Copy the lines below as they are; omit the images they contain.

**Data excerpt**:
● ● ● ● ● ● ●

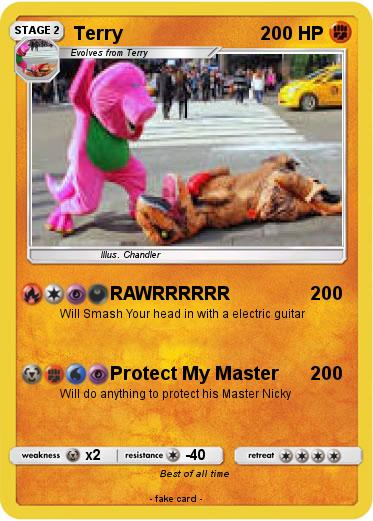 Pokemon Terry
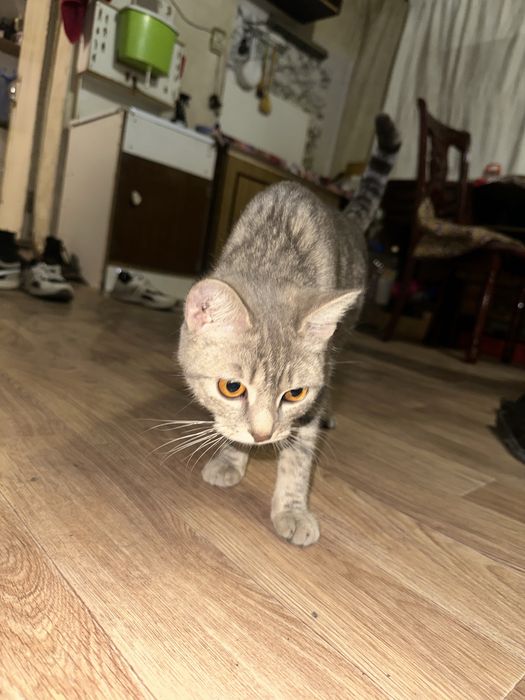 Отдам кошку в добрые руки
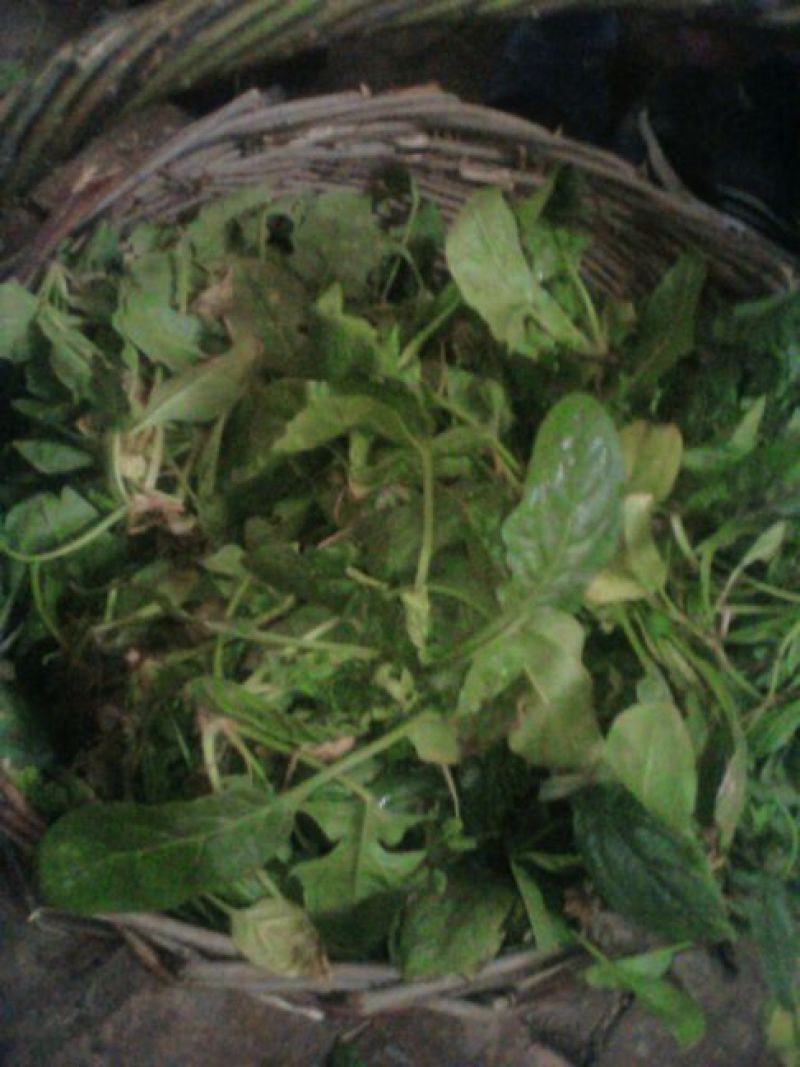 大叶菠菜10~15厘米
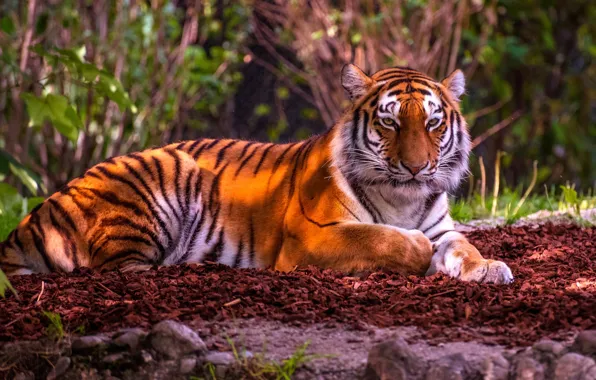 Картинка тигр, дикая кошка, красавец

● ● ● ● ● ● ●

**Solved exercise**:
 Pokemon Terry
 Отдам кошку в добрые руки
 大叶菠菜10~15厘米
 Картинка тигр, дикая кошка, красавец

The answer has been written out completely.